Dans un bus, à Picadilly Circus, un Preshaun est en train de se transformer. Fourmille, Yuri et Sigisbert qui arrivent sur les lieux gèrent la situation. La jeune femme fournit un antidote et tout rentre dans l’ordre. Mais pourquoi un Preshaun perd-il le contrôle en pleine journée, devant tout le monde ?
Le trio est à Londres sur demande. Après un étrange périple souterrain, les trois amis se retrouvent au sommet de Big Ben où est aménagé un luxueux bureau, celui de l’équivalent de M. Il fait sortir de sa théière, non pas un génie, mais sa sainteté La Pontife qui leur expose la situation critique où se trouve le Royaume-Uni. Celui-ci subit une pénurie sans précédent de thé. Le péril est grand tant pour les humains privés de leur boisson favorite que pour les Preshauns pour qui elle est indispensable s’ils veulent conserver leur intégrité. Ceux-ci sont trop voyants pour enquêter. Aussi, ils veulent confier cette mission à des humains.
Yuri devient un détective au service d’une compagnie d’assurances, assisté de Pamela, sa secrétaire, avec Fourmille dans ce rôle. Alors qu’elle proteste, M fait valoir qu’elle est plus intelligente que Yuri. Dans cette situation elle passera inaperçue pour enquêter à loisir. Près des entrepôts où se volatilisent les cargaisons de thés, déchargées des navires, Fourmille/Pamela repère un squat…

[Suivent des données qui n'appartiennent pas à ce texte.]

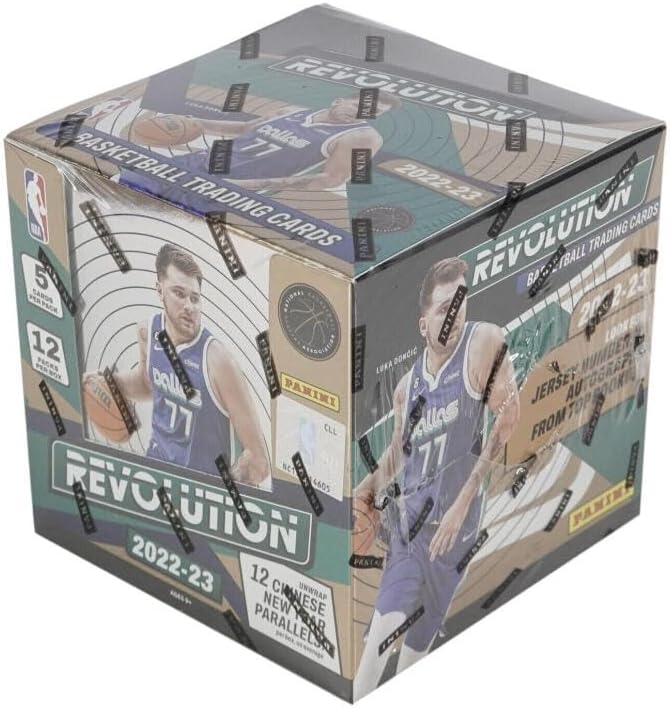 2022-23 Panini Revolution Chinese New Year NBA Basketball Factory Sealed Hobby Box. 12 Packs of 5 Cards. Find 12 Chinese Revolution Parallels Per Box. Look for Low Numbered Emerald and Autographs.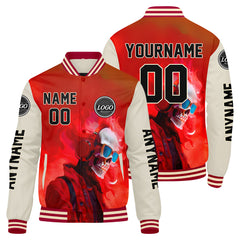 Maßgeschneiderte Rot Creme Letterman Varsity Jacket Individuelle Stickerei Druck nach Ihrem Wunsch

Pour ce septième opus, le scénariste retient Londres pour cadre de son histoire. Il appuie son intrigue sur le thé, la plante réputée indispensable à tout ressortissant du Royaume-Uni. Il intègre des personnages incarnant le pays tels que James Bond, Sherlock Holmes. Il truffe son scénario d’allusions, de rappels, utilisant des expressions de ces personnages, s’interrogeant même pour savoir si ceux-ci ne pouvaient pas avoir existé réellement dans cet univers parallèle. On retrouve également nombre d’allusions aux spécificités britanniques sur leur esprit, sur leur façon d’appréhender le reste de la terre. Il fait dire, par exemple à Yuri : “Normal, je ne sais pas, mais anglais oui.“
Christophe Arleston puise largement dans d’autres œuvres et aménage avec maestria ces emprunts aux péripéties de son intrigue. On retrouve ainsi les Beatles, Star Wars, Winston Churchill… Outre l’intérêt pour son récit, pour son intrigue astucieusement menée, pour l’humour très présent, le lecteur bénéficie d’un jeu qui consiste à repérer toutes les allusions, tous les emprunts piochés à droite et à gauche.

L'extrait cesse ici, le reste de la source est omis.